◆ TRY IT
Every entry, from the first to the last, should be written out exactly.

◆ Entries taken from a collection
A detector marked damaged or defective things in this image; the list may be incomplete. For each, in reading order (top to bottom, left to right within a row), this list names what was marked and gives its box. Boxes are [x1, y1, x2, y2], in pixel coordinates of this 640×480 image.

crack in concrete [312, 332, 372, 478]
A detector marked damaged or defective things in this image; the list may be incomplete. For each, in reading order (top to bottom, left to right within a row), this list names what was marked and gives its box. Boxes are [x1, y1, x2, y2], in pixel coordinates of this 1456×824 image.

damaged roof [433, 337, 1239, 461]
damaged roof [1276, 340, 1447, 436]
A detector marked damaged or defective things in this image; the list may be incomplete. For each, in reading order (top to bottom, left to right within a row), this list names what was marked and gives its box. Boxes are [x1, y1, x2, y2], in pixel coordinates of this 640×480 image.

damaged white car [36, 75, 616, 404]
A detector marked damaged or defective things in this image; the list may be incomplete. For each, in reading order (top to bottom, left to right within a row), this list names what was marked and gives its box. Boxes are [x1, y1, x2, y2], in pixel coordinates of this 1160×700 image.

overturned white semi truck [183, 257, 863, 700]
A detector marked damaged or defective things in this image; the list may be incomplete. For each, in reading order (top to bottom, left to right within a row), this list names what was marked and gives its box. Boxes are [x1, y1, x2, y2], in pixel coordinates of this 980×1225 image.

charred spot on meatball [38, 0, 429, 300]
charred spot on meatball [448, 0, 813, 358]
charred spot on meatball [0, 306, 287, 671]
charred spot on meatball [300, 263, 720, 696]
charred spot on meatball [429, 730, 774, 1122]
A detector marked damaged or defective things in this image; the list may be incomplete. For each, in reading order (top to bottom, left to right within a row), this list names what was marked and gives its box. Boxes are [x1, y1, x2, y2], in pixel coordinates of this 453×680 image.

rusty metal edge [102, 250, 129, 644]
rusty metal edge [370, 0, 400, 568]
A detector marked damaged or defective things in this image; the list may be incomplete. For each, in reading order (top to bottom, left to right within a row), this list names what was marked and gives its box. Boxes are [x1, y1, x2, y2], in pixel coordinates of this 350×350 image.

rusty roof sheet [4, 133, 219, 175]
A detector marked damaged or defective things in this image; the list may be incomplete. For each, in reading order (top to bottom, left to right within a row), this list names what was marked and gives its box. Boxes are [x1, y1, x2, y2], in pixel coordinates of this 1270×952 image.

◆ SOLUTION TO THIS PROBLEM
A detector marked damaged or defective things in this image; the list may be incomplete. For each, in reading order (top to bottom, left to right within a row), this list names what was marked and gives its box. Boxes are [x1, y1, x2, y2], in pixel coordinates of this 640×480 image.

crack in concrete [312, 332, 372, 478]
A detector marked damaged or defective things in this image; the list may be incomplete. For each, in reading order (top to bottom, left to right within a row), this list names what was marked and gives its box. Boxes are [x1, y1, x2, y2], in pixel coordinates of this 1456×824 image.

damaged roof [433, 337, 1239, 461]
damaged roof [1276, 340, 1447, 436]
A detector marked damaged or defective things in this image; the list may be incomplete. For each, in reading order (top to bottom, left to right within a row), this list names what was marked and gives its box. Boxes are [x1, y1, x2, y2], in pixel coordinates of this 640×480 image.

damaged white car [36, 75, 616, 404]
A detector marked damaged or defective things in this image; the list may be incomplete. For each, in reading order (top to bottom, left to right within a row), this list names what was marked and gives its box. Boxes are [x1, y1, x2, y2], in pixel coordinates of this 1160×700 image.

overturned white semi truck [183, 257, 863, 700]
A detector marked damaged or defective things in this image; the list may be incomplete. For each, in reading order (top to bottom, left to right within a row), this list names what was marked and gives its box. Boxes are [x1, y1, x2, y2], in pixel coordinates of this 980×1225 image.

charred spot on meatball [38, 0, 429, 300]
charred spot on meatball [448, 0, 813, 358]
charred spot on meatball [0, 306, 287, 671]
charred spot on meatball [300, 263, 720, 696]
charred spot on meatball [429, 730, 774, 1122]
A detector marked damaged or defective things in this image; the list may be incomplete. For each, in reading order (top to bottom, left to right within a row), this list names what was marked and gives its box. Boxes are [x1, y1, x2, y2], in pixel coordinates of this 453×680 image.

rusty metal edge [102, 250, 129, 644]
rusty metal edge [370, 0, 400, 568]
A detector marked damaged or defective things in this image; the list may be incomplete. For each, in reading order (top to bottom, left to right within a row), this list names what was marked and gives its box. Boxes are [x1, y1, x2, y2], in pixel coordinates of this 350×350 image.

rusty roof sheet [4, 133, 219, 175]
A detector marked damaged or defective things in this image; the list may be incomplete. For each, in reading order (top to bottom, left to right within a row), this list names what was marked and gives its box. Boxes are [x1, y1, x2, y2], in pixel coordinates of this 1270×952 image.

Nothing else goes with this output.